Watchdog eyes behavioural advertising

The UK’s competition and consumer watchdog has followed the lead of its US counterpart and put the sensitive yet seminal issue of behavioural advertising in its sights.

Addressing businesses, customers and marketers, the Office of Fair Trading said it wanted views before it probes the online advertising practices which could potentially hurt consumers.

The study’s remit includes a look at the use of personal information in marketing, typically where a consumer’s past online activity is used to provide them with tailored promotions.

Online behavioural advertising, or OBA, has become such a contentious issue in the US, largely on the back of misfires from its practitioners, that a set of principles have been issued.

Although the guidelines are industry-led, they were ordered by officials at the Federal Trade Commission, concerned at how companies practising OBA should achieve disclosure.

Keen to embrace a self-regulatory approach, US advertisers promptly drew up some OBA standards in answer to the Fed, which said consumers deserve a choice over such practices.

In a nod to the concerns of US authorities, the OFT said it wanted to keep pace with the constantly evolving way that business advertises, and would particularly focus on the internet.

Its officials also hinted they had not ruled out new regulations, as their study will “look at the application of consumer law” to advertising and pricing models, which may be “detrimental” to consumers.

Instead of recommendations to ministers or regulators, the OFT’s study could prefer to conclude with guidelines, with no force of law, for advertisers, businesses, and/or consumers.

The office added it was prepared to examine advertising practices “where information from a consumer's online activity is used to target the internet advertising he or she receives.”

Specific parties in the private sector will be contacted for their input to help inform the analysis.

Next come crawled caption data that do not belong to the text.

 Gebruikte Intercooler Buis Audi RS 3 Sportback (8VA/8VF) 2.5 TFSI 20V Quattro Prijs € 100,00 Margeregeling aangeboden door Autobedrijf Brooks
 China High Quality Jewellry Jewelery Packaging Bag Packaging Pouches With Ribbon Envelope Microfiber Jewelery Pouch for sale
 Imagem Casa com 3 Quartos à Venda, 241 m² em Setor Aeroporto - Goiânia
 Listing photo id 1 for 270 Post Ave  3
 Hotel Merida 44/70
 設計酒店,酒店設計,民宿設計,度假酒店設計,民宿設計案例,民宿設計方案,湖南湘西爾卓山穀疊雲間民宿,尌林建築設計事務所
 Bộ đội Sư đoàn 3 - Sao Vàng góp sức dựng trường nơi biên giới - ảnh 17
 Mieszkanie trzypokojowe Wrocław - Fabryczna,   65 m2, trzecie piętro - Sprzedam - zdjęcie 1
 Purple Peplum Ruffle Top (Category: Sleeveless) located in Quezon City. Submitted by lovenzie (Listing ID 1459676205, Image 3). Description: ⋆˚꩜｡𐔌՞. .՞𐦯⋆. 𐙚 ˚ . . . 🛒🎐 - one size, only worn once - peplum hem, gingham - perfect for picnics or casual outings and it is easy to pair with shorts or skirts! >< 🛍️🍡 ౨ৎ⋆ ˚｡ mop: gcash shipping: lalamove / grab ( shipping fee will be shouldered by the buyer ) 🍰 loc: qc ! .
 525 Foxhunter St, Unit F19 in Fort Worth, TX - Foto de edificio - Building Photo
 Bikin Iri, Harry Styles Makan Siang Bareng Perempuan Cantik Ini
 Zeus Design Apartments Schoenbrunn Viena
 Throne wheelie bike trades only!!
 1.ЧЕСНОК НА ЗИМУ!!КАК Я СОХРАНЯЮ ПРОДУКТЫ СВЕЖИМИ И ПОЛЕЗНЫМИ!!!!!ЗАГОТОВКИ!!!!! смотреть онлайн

But in the meantime, consumers, businesses and other outfits affected by the study’s remit could write in to suggest where it should focus, said Heather Clayton, a director at the OFT.

Reflecting on the market probe, the watchdog invited suggestions for its scope, views and areas of focus no later than September 18, 2009.

It added: “We will consider the responses before finalising the scope and launching the market study in the autumn. At that point, we will set out the final scope of the study and the nature of the work we will be undertaking. There will then be an opportunity for interested parties to make substantive submissions on those issues”.